The area around Powder Hole on the Western side of the south end was one of the most magical places I explored.  Each step, I was observing a different painting. Every texture told of the tide and the rolling up and away of a force, both feeding and taking away. The water used to be contained by sand, but the ocean has broken through and creates a stream of water directly in and out of the mud flats. The area is an important spot for migrating birds to stop and eat, there are always many different species of birds feeding on the mud flats.   

Oystercatcher at Powder hole
Each time I hiked to Powder hole, it appeared different. Depending on the light, time of day, amount of rainfall and cloud cover. The cycle of the tide changes constantly as does the movement of the clouds, the same environment can appear new and create a completely different experience. 

Powder hole from the Eastern edge



The blotches at powder hole with violets, deep blues and light greens


              
             
            
The tides filled areas with water over a stained sandy ground, the textures created by growth and decay was an enchanted wonderland of blotches. Each pattern and design marked the passing of time in the abundance of life of the large and small.
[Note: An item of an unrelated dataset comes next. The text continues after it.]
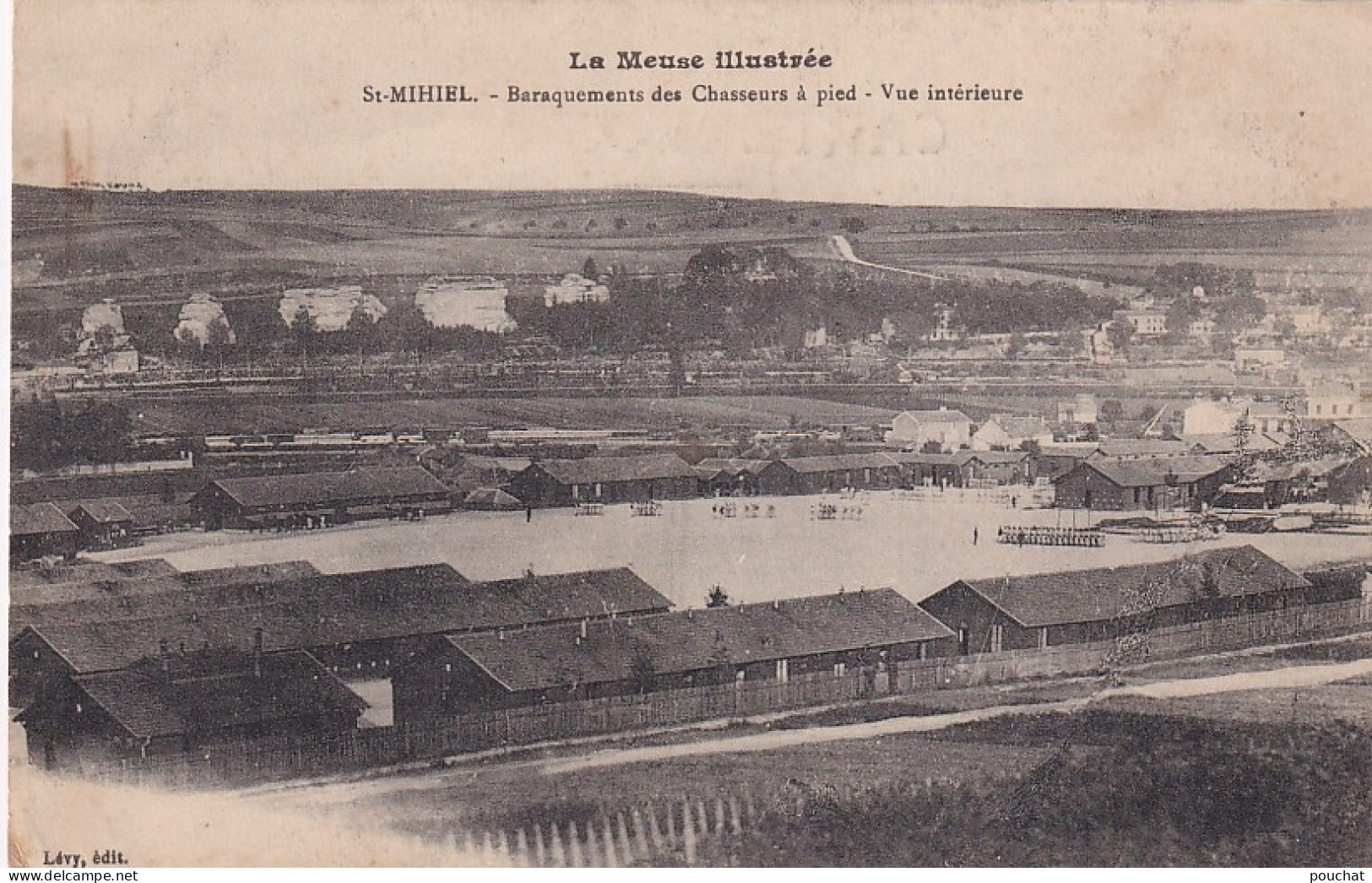 XU Nw-(55) ST MIHIEL - BARAQUEMENTS DES CHASSEURS A PIED - VUE INTERIEURE - Saint Mihiel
Death is common in its intertwining rhythm of coming and going, each part fulfilling a role for some organism along its existence.

                                             
                  

The ocean makes paper- seen above to the bottom right is a paper like phase of seaweed that is caught in the grasses at the edges of powder hole. 
                  


The unbelievable colors of Powder hole.




 

The orangish, yellowish, brownish water contrasted with the blues and light greens had me floating inside of a
color field painting


Bright green in the sun , deliciousness of texture and color




I watched this accumulation of broken down seaweed ( I believe it is a type of spongomorpha) and took video of its movementgracefully forming organic lacework patterns that shifted constantly. Its colors ochre,
sap green. The fish 

The Inlet



The ocean has broken through to create a stream of water that rises and falls, filled with seaweeds that float with the movement. My own sense of scale changed with the experience of walking under an open sky surrounded by water and grasses. The proportion of my body was dominated by the land and atmosphere. To stay still and to watch is my favorite part of being in wild places.  In simple listening, in being quiet and motionless, I can see so much more. I am not the subject, but the observer. In the age of speed and fast images, I protest with long looking. I rebel in taking time to respond to texture and sound. Southern Monomoy gave me an easy invitation to look long and release the ego and ambition to the wind and rain; to worship sun and color.

The simplicity of two color families and their variation. I felt i was
in a living, breathing, perfect painting. 

The area where the sea breaks through, bringing life and evidence of past life. There are bones at the edges that
have been washed in with the force of the tides. 

Nightfall

When the evening comes, the day is done. The rhythm of eating, bathing and entertainment, is simplified. The morning light woke me to see the sun rise. The night begged for me to look at the dome of the stars, to hear the crickets and toads.  

The beach on the east side of the island 


 




Nightfall from the lighthouse, the silhouette of the land and structures create the uniform shape
to frame a changing sky


It was difficult to leave Monomoy’s southern area.  Life has a different rhythm when it depends on the rising and falling of the sun, the day dictated by weather and your activity of the day entirely dependent on the light offered naturally.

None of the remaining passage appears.